It’s a tech firm based in California.  Oh, you’ve heard of Google?!  Yup, me too.

Google is the World’s #1 search engine.  Their primary source of revenue comes from advertising based on page rankings.  The higher the page ranking, the more they charge for advertising.

In six short years, Google has zoomed past many of our country’s largest firms in terms of market capitalization.  As of June 1, 2010, Google’s market cap was over $155B!  For comparison, here is a partial list of our country’s business stalwarts and their June 1 market cap (according to Yahoo! Finance):

  • Coca-Cola                                    $118B
  • Home Depot                                   $56B
  • McDonald’s                                    $71B
  • Disney                                            $65B

A few are larger like P&G ($176B), GE ($174B), Microsoft ($227B) and Apple ($239B), but the vast majority resides in their rearview mirror, likely forever.  Better yet, Google’s expansion plans could put it on a path to surpass these leaders in very short time.  Not bad for six years of public trading.

I find them interesting because their technology is based on relevancy.  Google says so itself (http://www.google.com/librariancenter/articles/0512_01.html).

“Once we’ve built our index, we’re ready to rank documents and determine how relevant they are.  (Generally speaking) we need to do two things:

  1. Find the set of pages that contain the user’s query somewhere
  2. Rank the matching pages in order of relevance”

Seems simple enough.  Isolate and/or publish the content that matters, then be the leading provider of that content.

I believe good firms do not sell products or services; rather they sell solutions or (more accurately) Value Propositions.  The product itself is just the physical form of the solution.  To maximize future revenues, the target audience must believe that future solutions will be as valuable as those you currently provide.  This is of particular importance in the B2B space because purchase cycles are often long and critical to the mutual success of each party.

Unfortunately, the marketing support given to these solutions rarely have the ability to carry the true importance they provide.  Traditional formats are incapable of doing so, meaning their relevance to the category does not match the value of their solution.

All marketers should take a page out of Google’s playbook.  The reality is that few do.  Traditional B2B marketing programs (ads, collateral, trade booth) leverage formats incapable of effectively communicating intelligence, depth, expertise and relevance — the very attributes Google ranks the highest.  Yet that’s the primary way they continue to market.  There is a roadmap to strategic marketing success is out there.  It’s telling you how to do it.

I’ve heard of Google.  Marketing should too.

14 Responses to “Ever Heard of Google?”

  1. Clever. Google as a way to understand Relevancy. Of course.

  2. Clever. Google as a way to understand Relevancy. Of course.

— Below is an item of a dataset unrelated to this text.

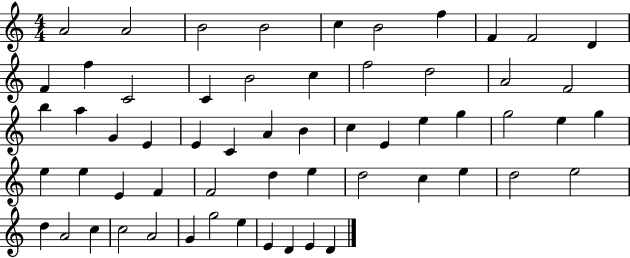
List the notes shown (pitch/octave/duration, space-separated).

A4/h A4/h B4/h B4/h C5/q B4/h F5/q F4/q F4/h D4/q F4/q F5/q C4/h C4/q B4/h C5/q F5/h D5/h A4/h F4/h B5/q A5/q G4/q E4/q E4/q C4/q A4/q B4/q C5/q E4/q E5/q G5/q G5/h E5/q G5/q E5/q E5/q E4/q F4/q F4/h D5/q E5/q D5/h C5/q E5/q D5/h E5/h D5/q A4/h C5/q C5/h A4/h G4/q G5/h E5/q E4/q D4/q E4/q D4/q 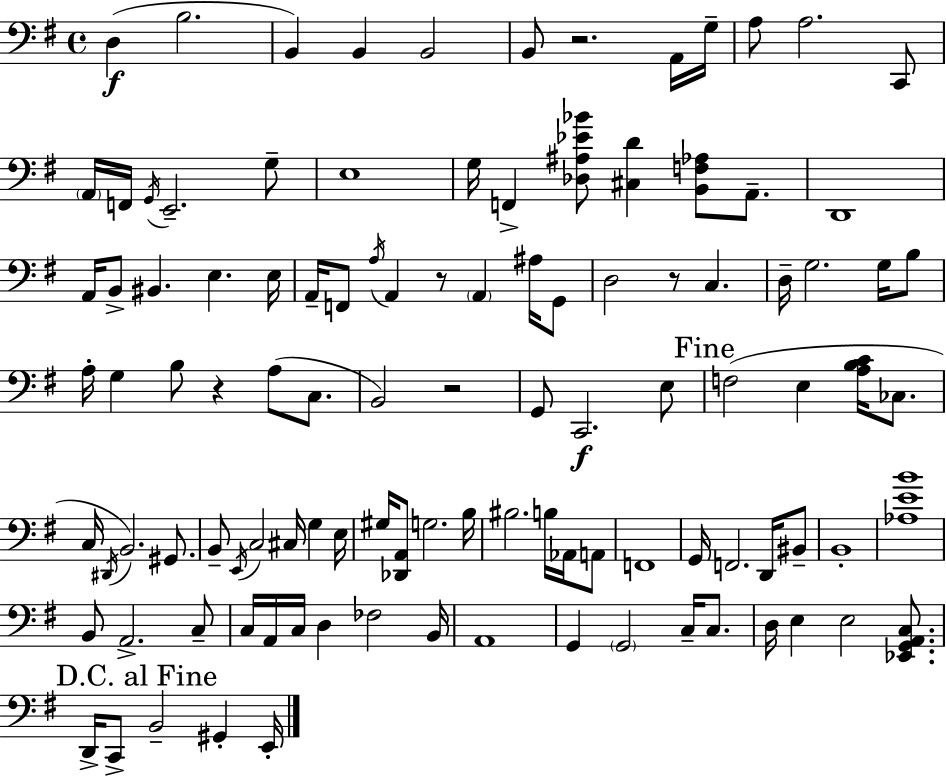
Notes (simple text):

D3/q B3/h. B2/q B2/q B2/h B2/e R/h. A2/s G3/s A3/e A3/h. C2/e A2/s F2/s G2/s E2/h. G3/e E3/w G3/s F2/q [Db3,A#3,Eb4,Bb4]/e [C#3,D4]/q [B2,F3,Ab3]/e A2/e. D2/w A2/s B2/e BIS2/q. E3/q. E3/s A2/s F2/e A3/s A2/q R/e A2/q A#3/s G2/e D3/h R/e C3/q. D3/s G3/h. G3/s B3/e A3/s G3/q B3/e R/q A3/e C3/e. B2/h R/h G2/e C2/h. E3/e F3/h E3/q [A3,B3,C4]/s CES3/e. C3/s D#2/s B2/h. G#2/e. B2/e E2/s C3/h C#3/s G3/q E3/s G#3/s [Db2,A2]/e G3/h. B3/s BIS3/h. B3/s Ab2/s A2/e F2/w G2/s F2/h. D2/s BIS2/e B2/w [Ab3,E4,B4]/w B2/e A2/h. C3/e C3/s A2/s C3/s D3/q FES3/h B2/s A2/w G2/q G2/h C3/s C3/e. D3/s E3/q E3/h [Eb2,G2,A2,C3]/e. D2/s C2/e B2/h G#2/q E2/s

  3. Spot on! It doesn’t just seem simple. It IS simple. The most effective ideas generally are. (Until humans start complicating them and distorting their effectiveness.) Your enterprise is either relevant or it’s not. It’s that simple.

  4. Spot on! It doesn’t just seem simple. It IS simple. The most effective ideas generally are. (Until humans start complicating them and distorting their effectiveness.) Your enterprise is either relevant or it’s not. It’s that simple.

  5. Great read! I 100% agree humans have a way of complicating even simple things sometimes. Remembering to speak with relevancy to your audience and organizing your thoughts/message in some hierarchy as in the Google example, is an important communication skill. Remember The KISS principle. Great thoughts!

  6. Great read! I 100% agree humans have a way of complicating even simple things sometimes. Remembering to speak with relevancy to your audience and organizing your thoughts/message in some hierarchy as in the Google example, is an important communication skill. Remember The KISS principle. Great thoughts!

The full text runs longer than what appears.